On reflection, Quicken Spell is probably the major barrier here. If you allowed swift actions to sub in then you could get three spells off per round.
Even if you said you could only use Quicken Spell once, there are still a ton of "Swift X" spells in the 3.5 splat books, so I'm sure someone would come up with a heinous combo to break everything.
There's a VERY good reason for NOT allowing the conversion of actions into swift actions: Swift actions are designed and implemented with the specific concept that they can only be used once per round. For example, Quickened spells are swift actions to cast. If you allow players to convert move actions into swift actions, players could easily cast three spells in a single round as a matter of course.

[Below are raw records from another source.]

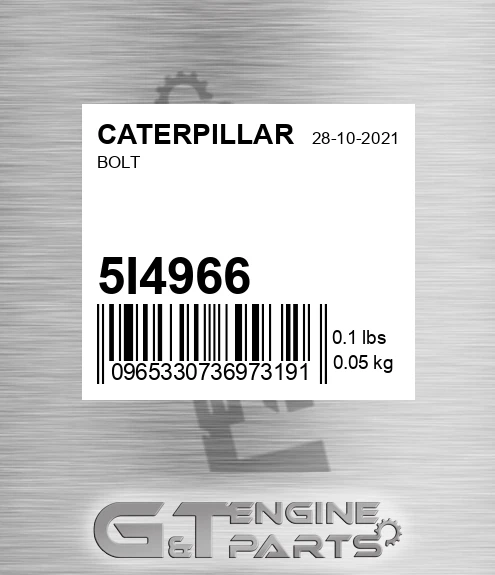 5I-4966 Bolt for CATERPILLAR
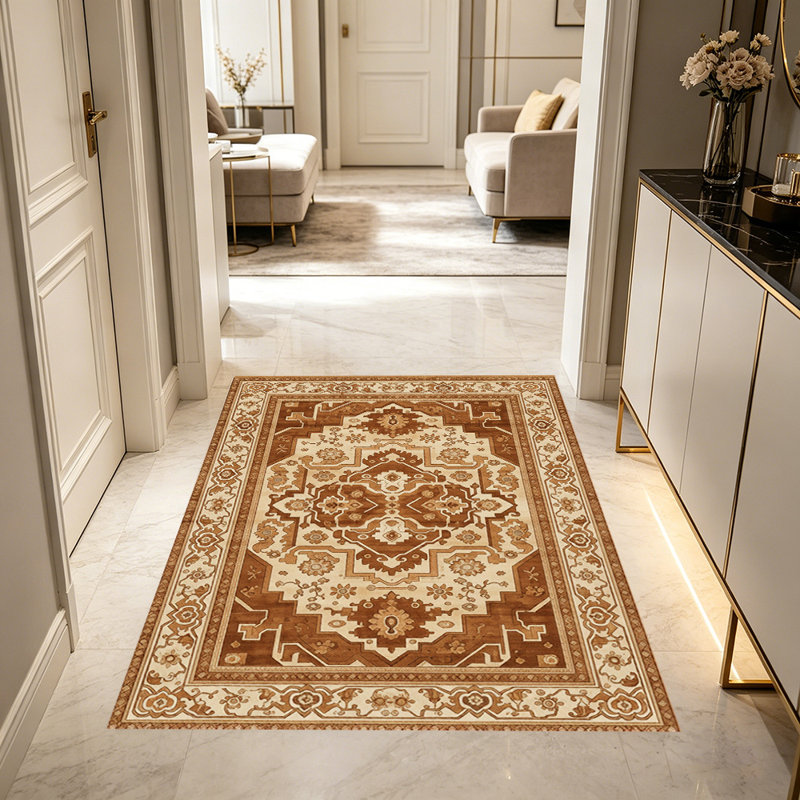 Vintage classical pattern carpet, soft and easy to clean, suitable for multiple scenarios, living room, bedroom, dining room, indoor carpet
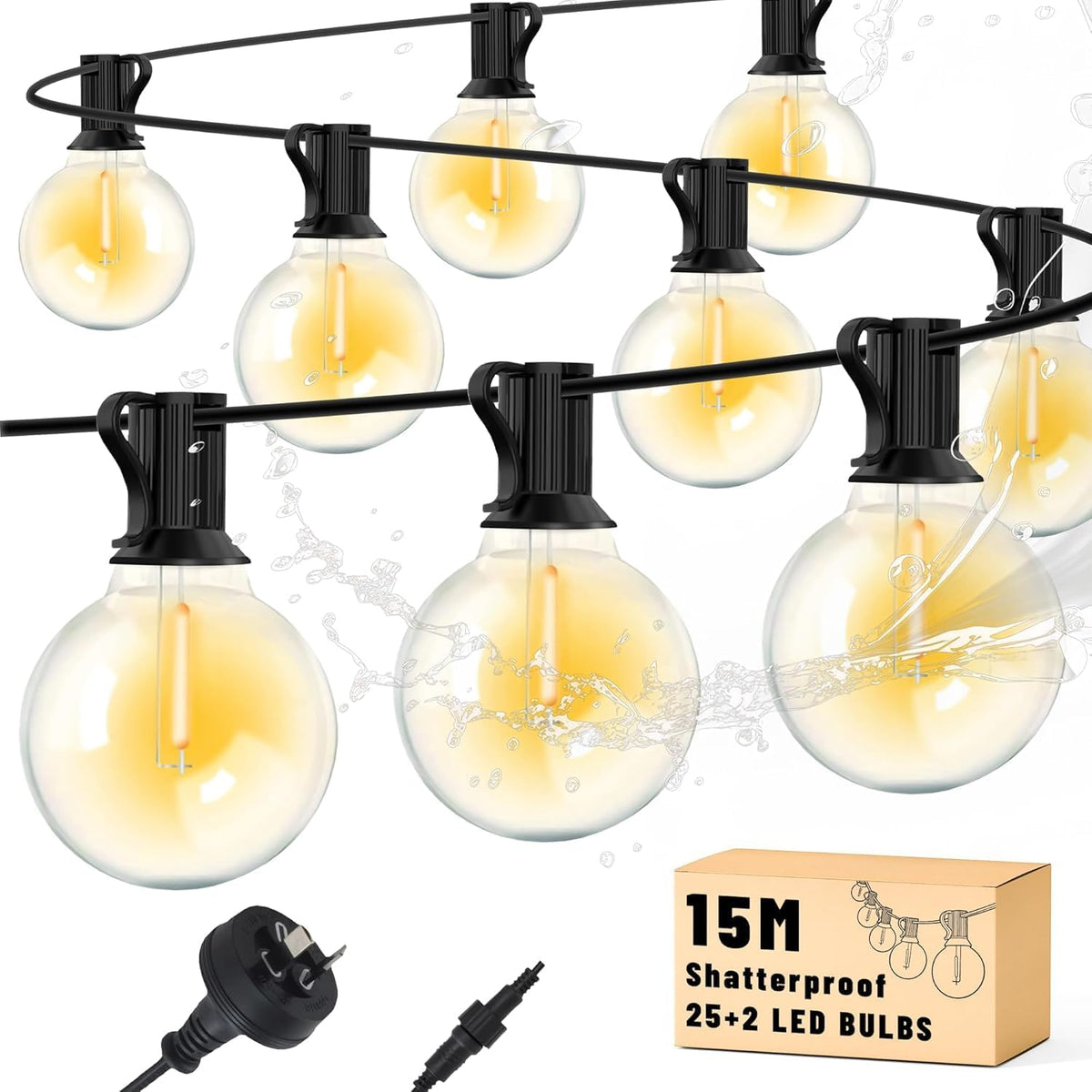15m G40 LED solar outdoor string lights with 4 modes, warm white, waterproof IP44, ideal for patio and garden lighting.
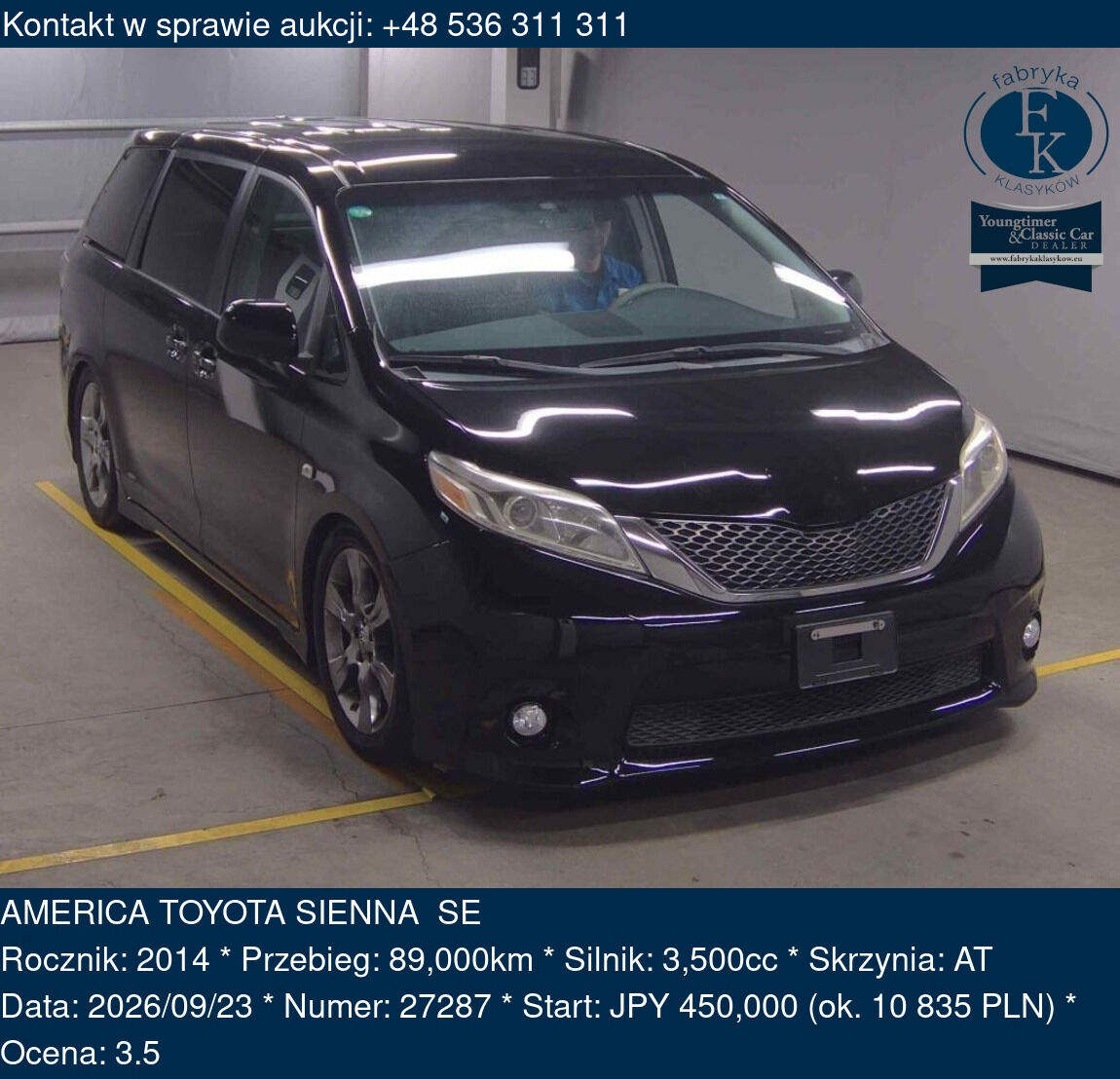 AMERICA TOYOTA SIENNA SE 2014 - zdjęcie 2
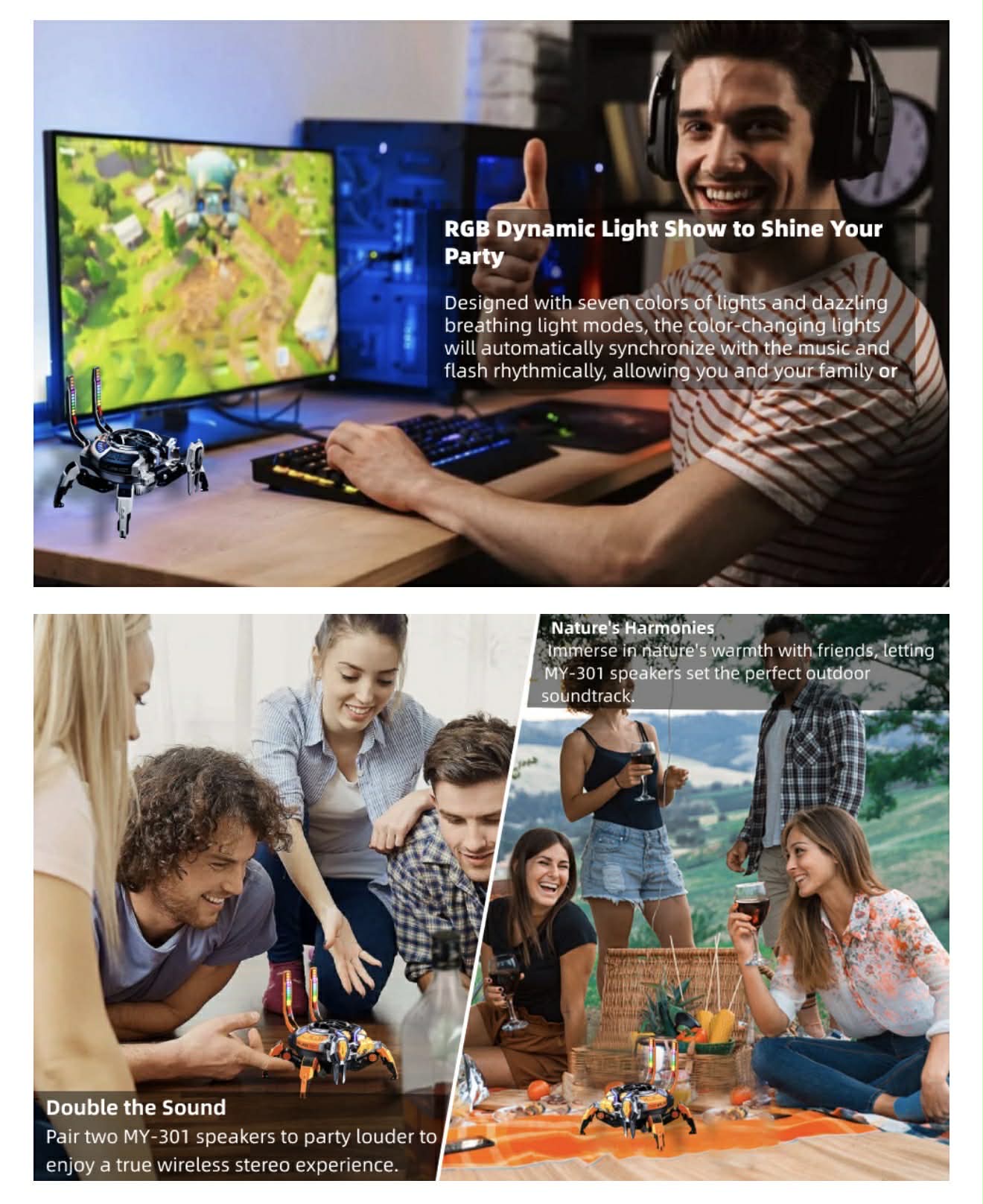 MY-301 Mechanical Crab TWS Wireless BT Speaker | Grey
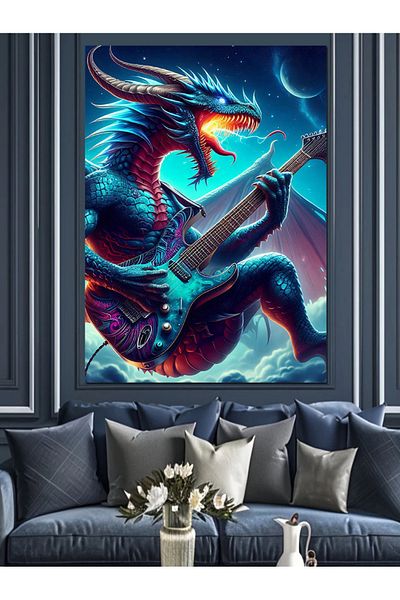 Tablomega Chitară electrică Dragon care cântă Pânză decorativă - Lemn MDF
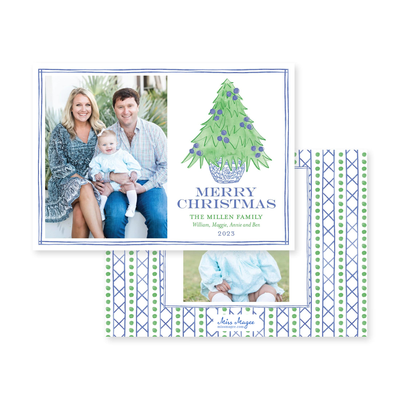 Ginger Jar Christmas Tree Horizontal Christmas Card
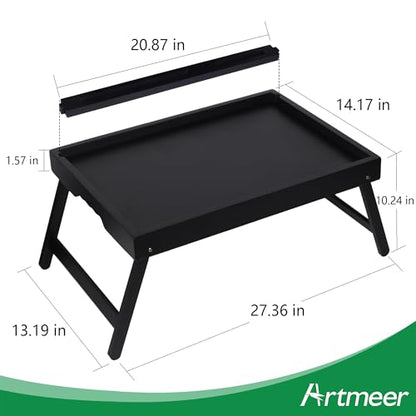 Artmeer Bed Tray Table with Folding Legs, Bamboo Breakfast Food Tray with Media Slot, Use As Platter, Laptop Desk, Snack, TV Tray Kitchen Serving Tray (Black Extra-Large Size) - color: Black, size: X-Large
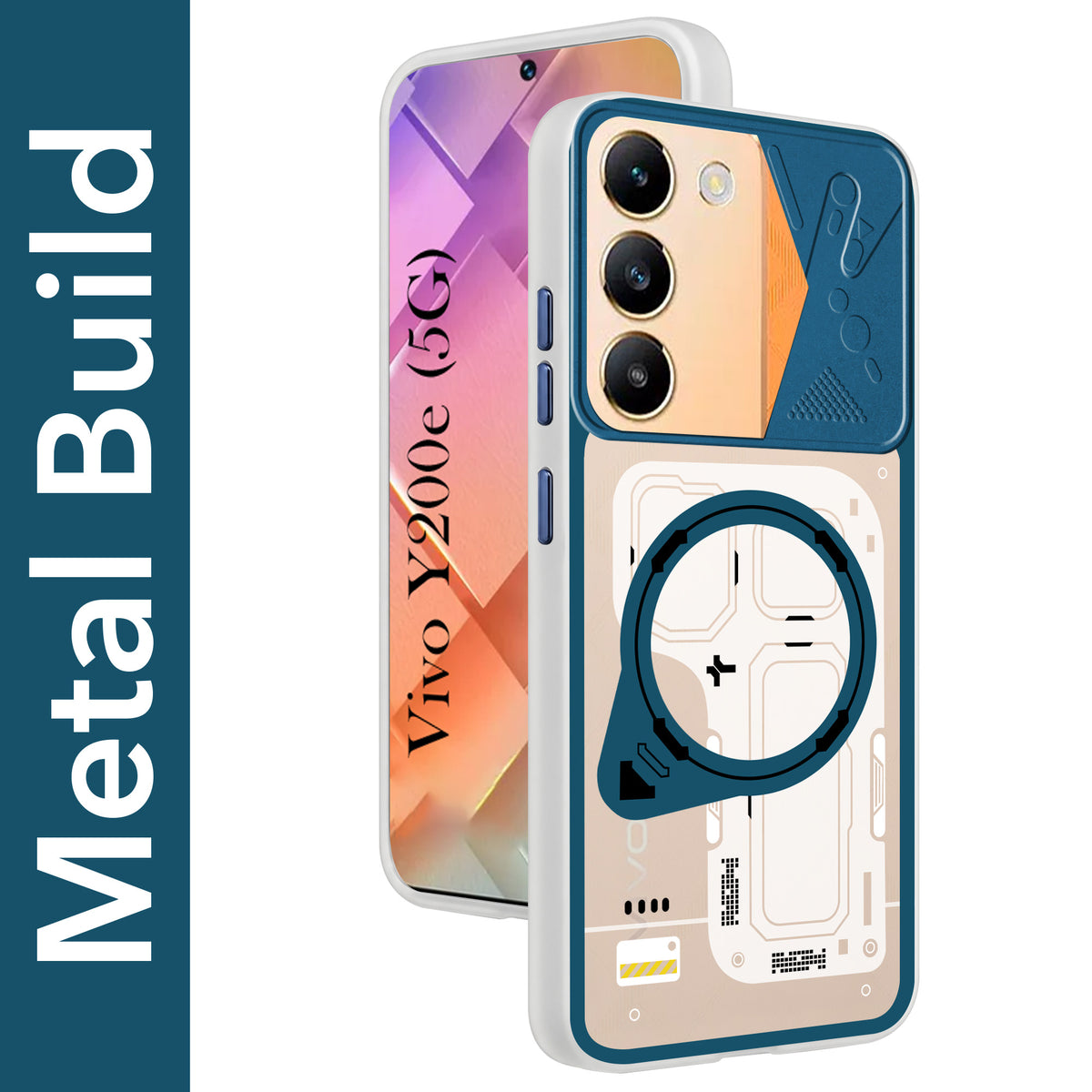 For Vivo Y200e Metallic Back Cover Case (Metallic Camera Protection & Buttons | Translucent Milky Shade | Hard Polycarbonate)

There's a reason that Multi-Spell, which allows multiple Quickened spells per round, is an Epic Level Feat.
Indeed, the general standing idea behind a swift action is it expends a decent amount of energy but not a lot of time.
Plus...well it's a game and some times there needs to be rules to prevent abuse and keep things on track, so only 1 swift action per turn.
Epic Meepo(RPG Superstar 2009 Top 16, 2012 Top 32)
Morgen wrote:
Indeed, the general standing idea behind a swift action is it expends a decent amount of energy but not a lot of time.
This.
A swift action is instantaneous, but has a 6-second recharge. Quickened spells and several PFRPG class abilities are built and balanced based on this assumption.